Aerosol ai bambini: quando e come farlo e quale modello scegliere

Aerosol: i migliori modelli per bambini e adulti

Aerosol ai bambini: quando e come farlo e quale modello scegliere

L’aerosol è da sempre uno strumento indispensabile per aiutare il processo di guarigione di particolari patologie. La sua funzione è molto semplice, è sufficiente respirare all’intero della mascherina per ritrovare un immediato benessere e liberare le vie aeree.

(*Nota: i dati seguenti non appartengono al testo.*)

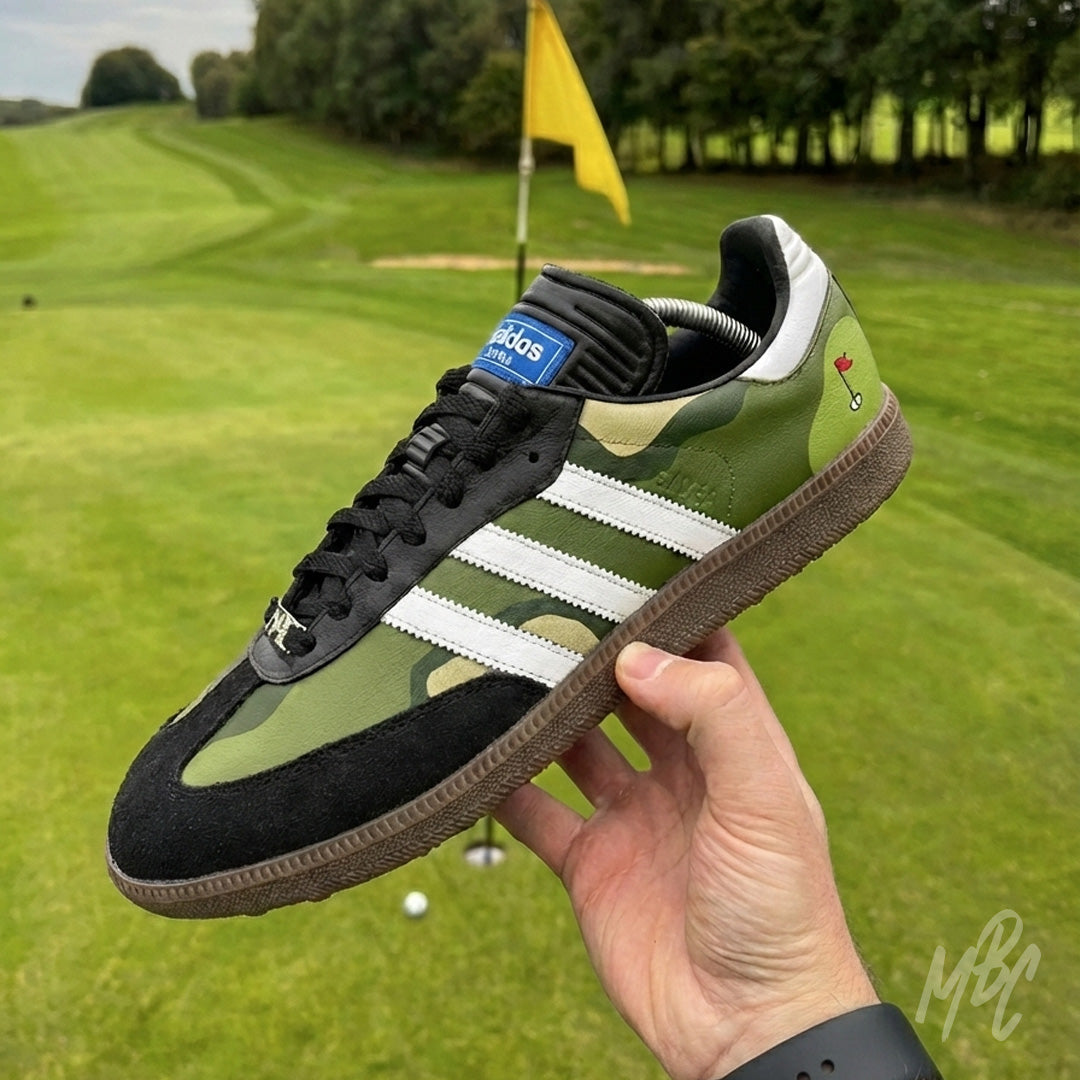 Custom Adidas Samba Golf Black Sneakers by MattB Customs. Fairway Camo customised with green, dark green and beige sand colourway with hand painted flag detail. Custom Adidas Samba golf sneakers on golf course putting green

Grazie all’uso dell’aerosol è possibile combattere i soliti malanni di stagione: raffreddori, tosse, bronchiti di vario livello e mal di gola. È una delle terapie più famose e suggestive che colpiscono la nostra immaginazione fin dalla prima infanzia. Infatti, questo dispositivo è ideale non solo per gli adulti ma soprattutto per i bambini.

Scopriamo insieme come funziona e quali sono i modelli migliori disponibili in commercio. Buona lettura!

Come funziona l’aerosol

Il sistema di funzionamento dell’aerosol è piuttosto semplice. In genere è il medico di base che ne prescrive l’utilizzo indicando il dosaggio farmacologico necessario per liberare le vie respiratorie.

Aerosol a pistone portatile Eolo… Aerosol Kyara Airy con motore ad… Aerosol Happyneb II Fasterjet con…

Prima di iniziare con la seduta si consiglia di lavare bene le mani e di procedere con la preparazione del medicinale che andrà versato nell’ampolla insieme alla soluzione fisiologica per l’aerosol. A questo punto potrai collegare l’ampolla al compressore e alla maschera per iniziare la terapia. La seduta dura fino a quando tutta la soluzione nell’ampolla non sarà completamente esaurita.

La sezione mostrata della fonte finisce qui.